Requirement.
If a record holds a picture, drop the picture and copy everything else exactly.
(Beginning of Given data)
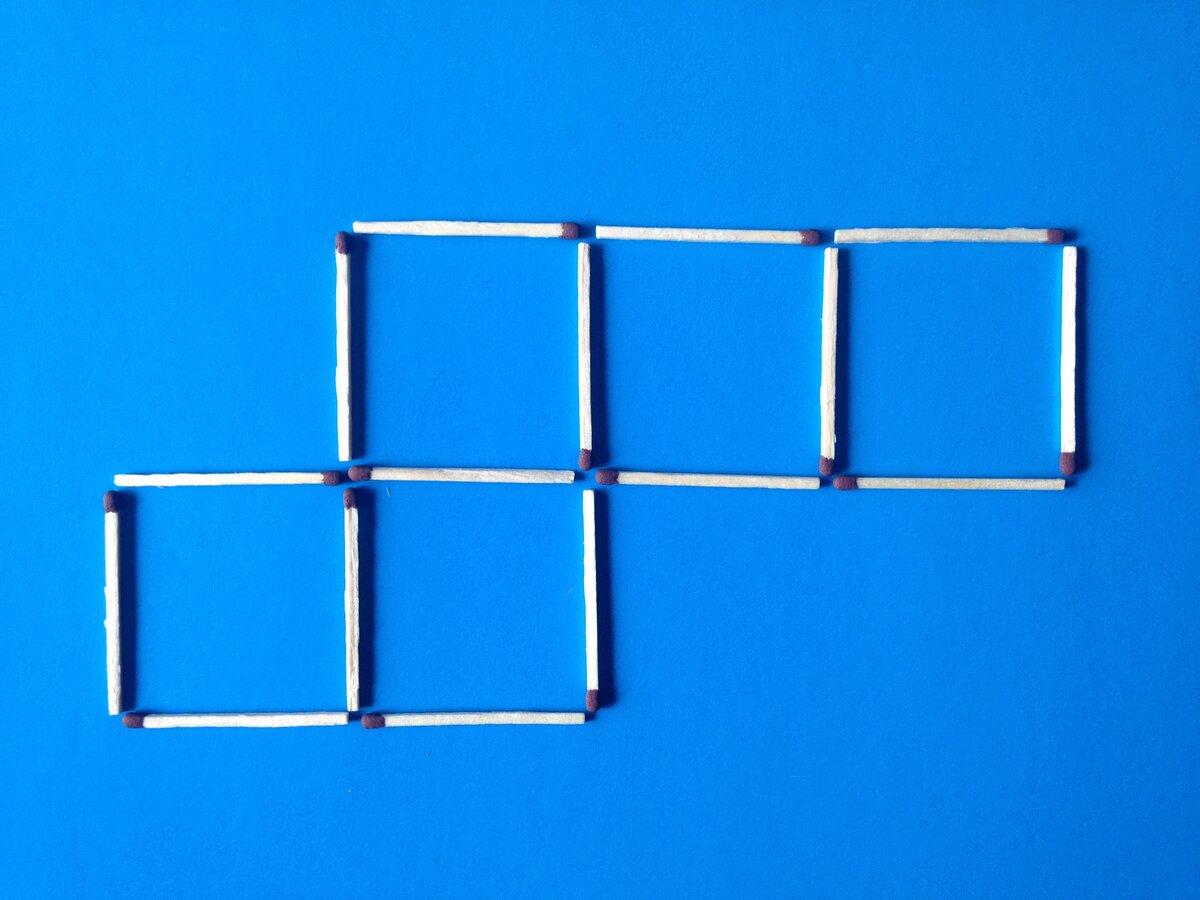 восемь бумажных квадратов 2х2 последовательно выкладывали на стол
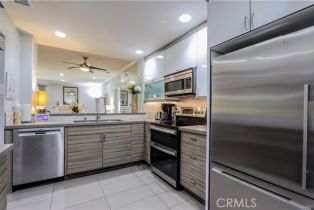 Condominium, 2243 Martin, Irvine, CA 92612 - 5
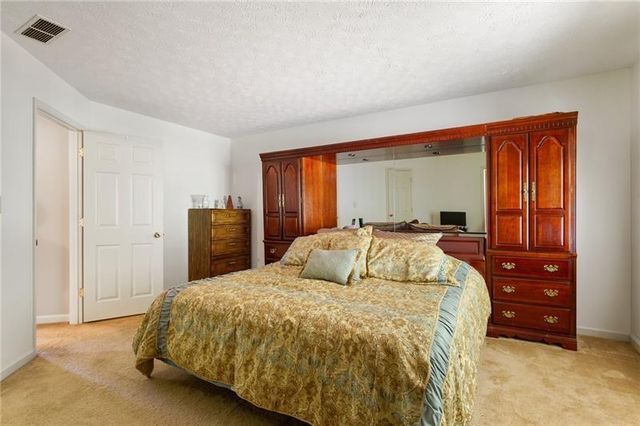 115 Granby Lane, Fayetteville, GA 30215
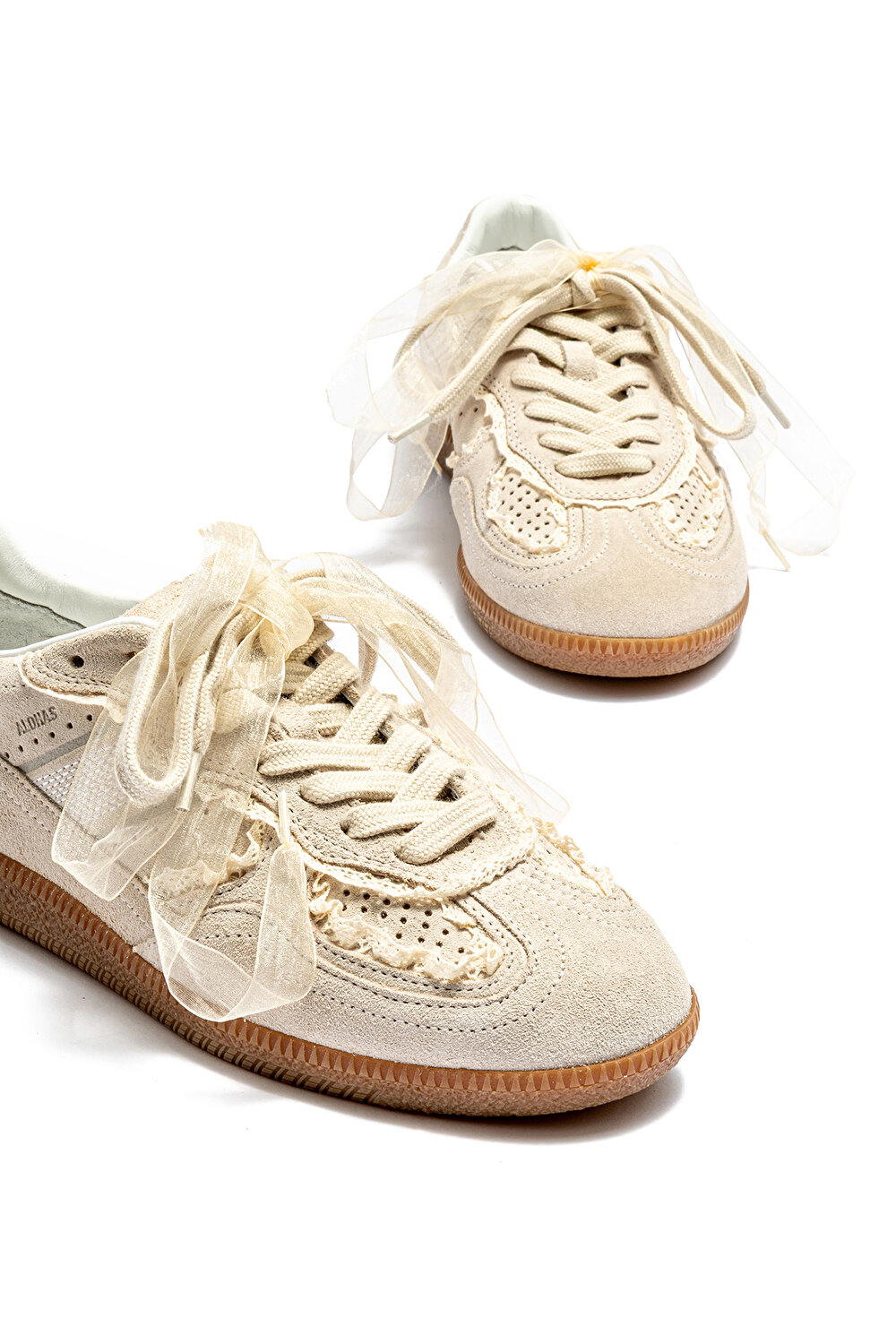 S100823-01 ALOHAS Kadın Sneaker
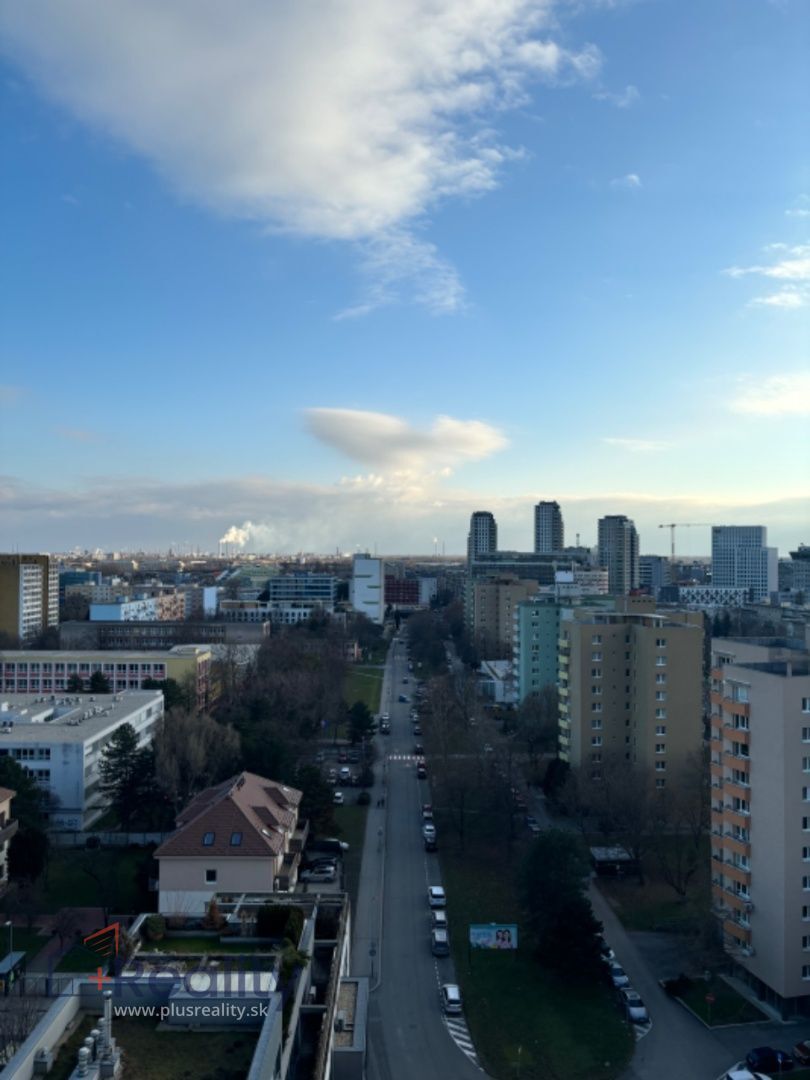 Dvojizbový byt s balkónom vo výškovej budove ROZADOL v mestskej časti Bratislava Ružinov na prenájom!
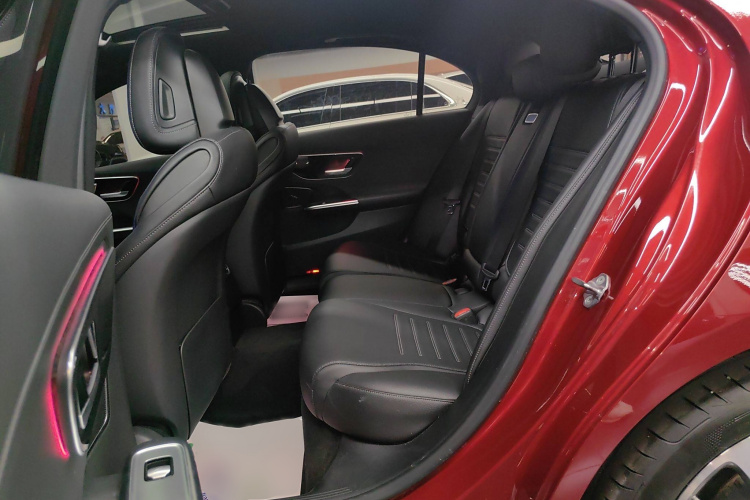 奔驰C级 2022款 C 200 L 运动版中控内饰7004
(End of Given data)
Solved problem.
 восемь бумажных квадратов 2х2 последовательно выкладывали на стол
 Condominium, 2243 Martin, Irvine, CA 92612 - 5
 115 Granby Lane, Fayetteville, GA 30215
 S100823-01 ALOHAS Kadın Sneaker
 Dvojizbový byt s balkónom vo výškovej budove ROZADOL v mestskej časti Bratislava Ružinov na prenájom!
 奔驰C级 2022款 C 200 L 运动版中控内饰7004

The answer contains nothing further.